General characteristics
- Type: Patrol vessel
- Tonnage: 119 GRT, 80 NRT
- Length: 134.3 ft (40.9 m)
- Beam: 16.0 ft (4.9 m)
- Draft: 5 ft 6 in (1.68 m)
- Depth: 8.2 ft (2.5 m)
- Installed power: 22 NHP
- Propulsion: 1 × triple-expansion engine; 1 × screw;
- Speed: 14 kn (26 km/h)
- Armament: 1 × 3-pounder gun

= USS Joyance =

Patrol vessel of the United States Navy

USS Joyance (SP-72) was an armed yacht that served in the United States Navy as a patrol vessel from 1917 to 1919.

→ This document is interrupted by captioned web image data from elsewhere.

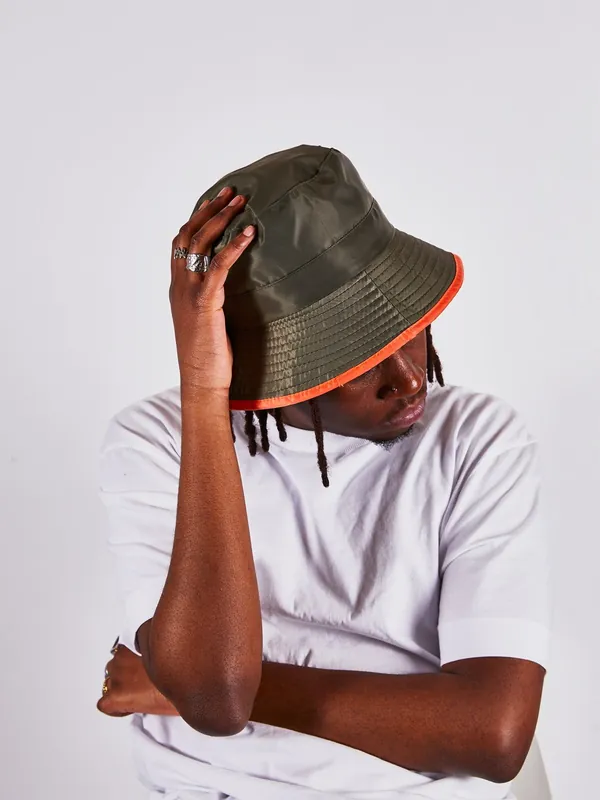 Nylon Bucket Hat With Contrast Trim And Drawstring In Moss - SVNX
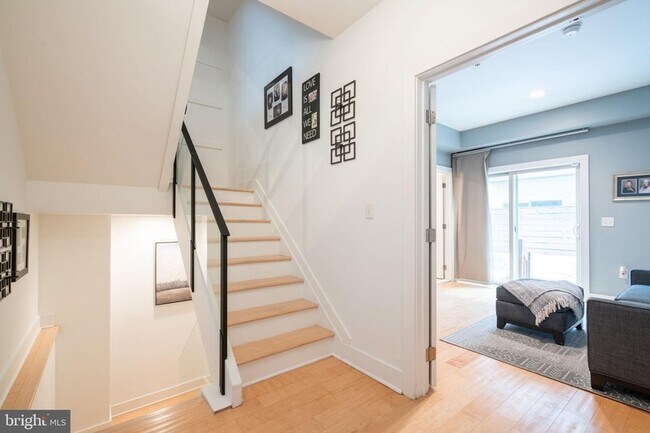 Building Photo - 623 N Bodine St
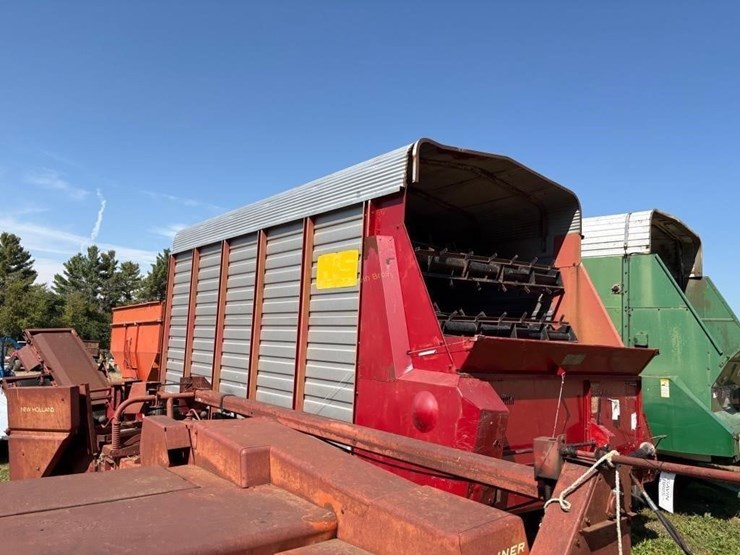 h&s-16'-chopper-box-on-gear-image-4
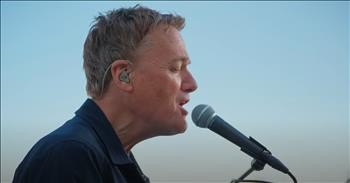 Michael W. Smith Mesmerizes With Powerful 'Crimson Dust' Live Performance
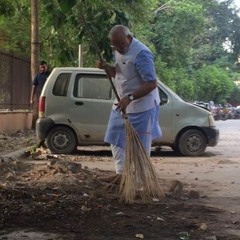 PM launches nationwide Cleanliness drive Swachch Bharat Abhiyan on Gandhi Jayanti.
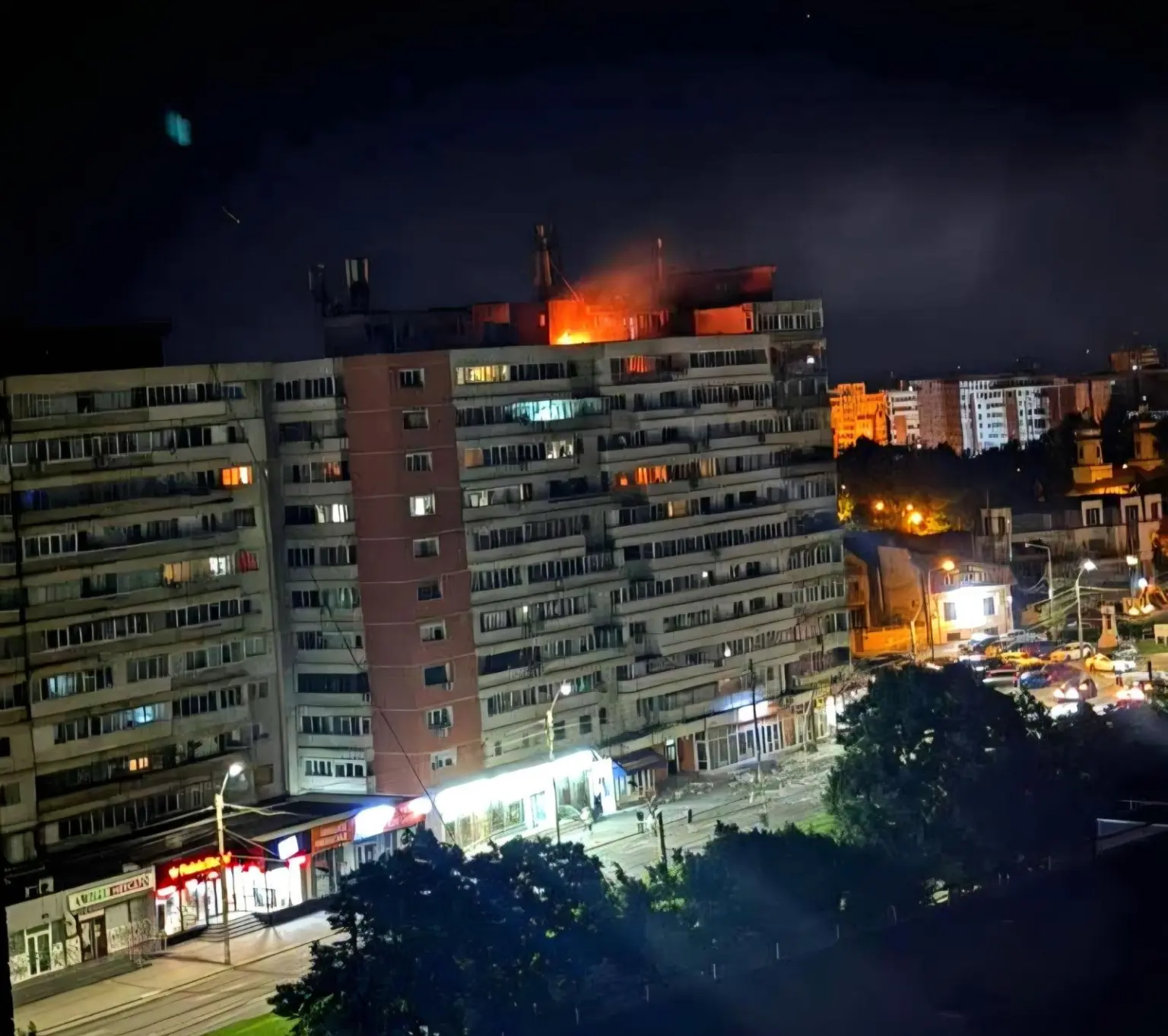 VIDEO: O dronă rusească a căzut pe un bloc din Galaţi! Toată încărcătura ei a explodat / Patru victime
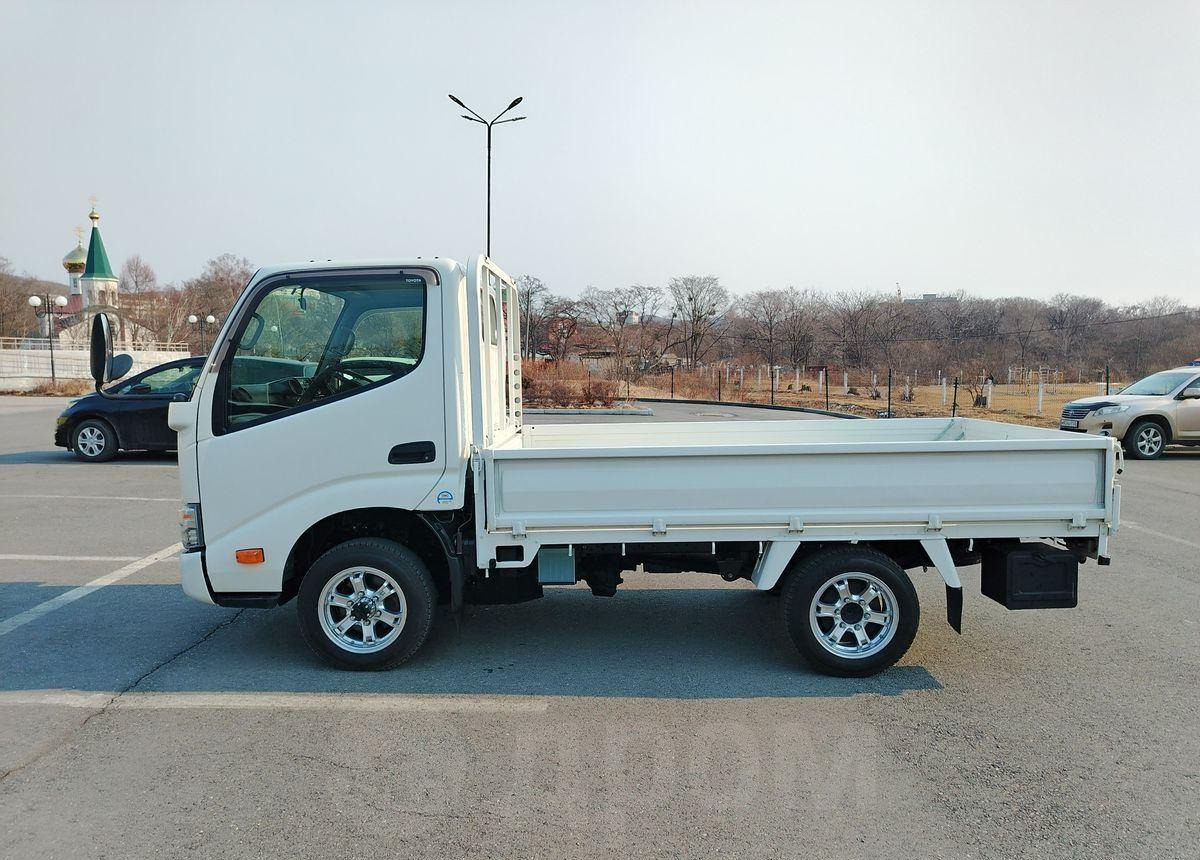 Toyota Dyna - Бортовой грузовик/ Платформа: фото 5 Toyota Dyna - Бортовой грузовик/ Платформа: фото 5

Joyance was built as the private steam yacht Cavalier in 1907 by Robert Jacobs at City Island, New York. By the time the US Navy inspected her for possible World War I service — describing her as being of "light construction"—she had been renamed Joyance. The Navy acquired her in May 1917 and commissioned her on 20 July 1917 as USS Joyance (SP-72).

Joyance was assigned to the 3rd Naval District as a harbor patrol boat, and operated in New York Harbor and Long Island Sound during World War I.

Joyance was decommissioned on 6 May 1919 and sold to Reinhard Hall at Brooklyn, New York, on 5 August 1919.